The “I’ll stay out until the scene is clear” mentality for the active shooter situation is deadly- for the people waiting for care. A properly prepared plan that has been trained for and properly executed is just as safe, if not safer, for the EMS people, than driving “code 3” in suburban traffic.

I don't think it has anything to with with preparedness to risk your life or hero status. I personally wouldn't run into a fire just because a smokey says the water is on.

I'm CBR trained, so I am prepared to go where others won't.

If your program works, go for it.

However, I don't think what we do is second best, because we put our safety first. Yep people may suffer, but we are no good to anyone injured. Our view may change overtime.

I also wouldn't start a pissing contest between medics in black and medics in blue. We've had our Heroes enter mass shooting scenes - under fire too- and do a stellar job.

Assuming we are little wallflowers who want a sterile scene is garbage. Confirmed area safety is a bit different to running up the backside of a bunch of police moving in a tactical alphabet.

Different communities will handle things different. Whether or not you or I agree with them is irrelevant. What I think is the right idea may not be shared by others. That's OK, too. Me personally? I don't get into urination competitions. Nor am I trying to start anything between medics in black and medics in blue. In the instances I a familiar with, it was a fact that the tac medics were delayed. That was acknowledge in the incident I referenced. At any given time, there were limited numbers of tac medics on duty, and they are not 'stand alone' units.
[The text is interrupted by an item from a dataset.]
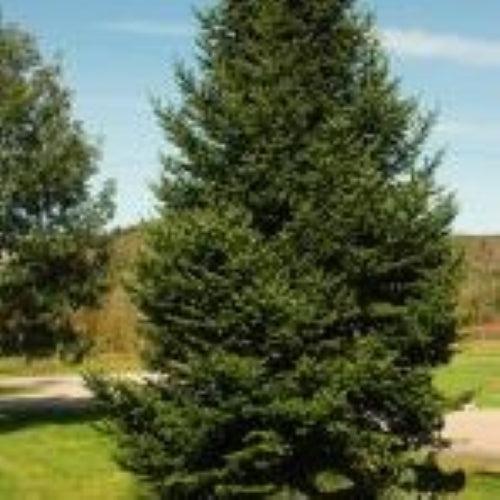 Abies balsamea - Balsam Fir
They are assigned to ambulances, and as I recall, the first one that arrived that day had to clear from another call first.

If you have enough tac medics that can respond to these incidents in a timely fashion, great. The fact is, most places don't, nor will they ever be able to afford it. What Chief Kirkwood advocates, has helped to implement, and I, as a member of that system saw, is a viable way to address these situations.
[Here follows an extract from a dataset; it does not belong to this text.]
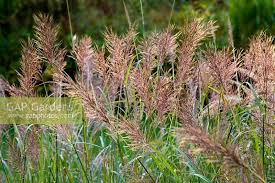 Image result for Bothriochloa bladhii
Lots of good discussion. It is also a discussion we had locally a few months ago when planning a multi-agency active shooter table top exercise.

Back in the 1970's, my EMS agency was one of the first in the nation to implement armed tactical medics imbedded with SWAT. Budgets and training requirements were the demise of that program and are still a major hurdle today.

We need to evaluate our options. I am not talking extraordinary acts of heroism. As mentioned earlier, it is a risk benefit analysis. We can't remove all risk so we accept levels of risk. We also take steps to mitigate risk whenever reasonable.

  1. Driving - drive defensively and wear your seatbelt
  2. Infectious Diseases - wear your PPE
  3. Freeway MVA's - wear safety vests and position apparatus to protect the scene
  4. Structure Fires - bunker gear and SCBA's
  5. Transporting Scissors - don't run
  6. etc, etc, etc...

So what risk do we accept in an active shooter situation knowing that the scene will not be "secure" for quite some time and saveable lives will be lost while you wait? I go back to the old adage of treat others as you would expect yourself or your family to be treated.

I believe it to be reasonable for EMS to make entry and remove savable patients if law enforcement has pushed inside the building and an armed escort has been provided.

If you chose to wait until the scene is "secure", you will provide the rest of EMS a lessons learned example similar to what Columbine was for law enforcement. That tragedy has changed the active shooter response plans of virtually every law enforcement agency. I urge everyone to sit down with local law enforcement to discuss your missions, how you carry them out, and what your expectations are of each other. It's great when we all get together and come up with a planned response.

Nicely put, Randy!

I have across the US training EMS LE and Fire in "Tactical Medicine" I think the the biggest challenge is the cities that contract 911 to Private EMS Companies. Private companies have specific policies in place that keep providers staged. It is understandable due to the risk of loss. In these instances we have trained LE to perform life saving interventions such at TQs, Chest seals, burping Chest seals, NPAs, Combat Gauze and Hypothermia prevention.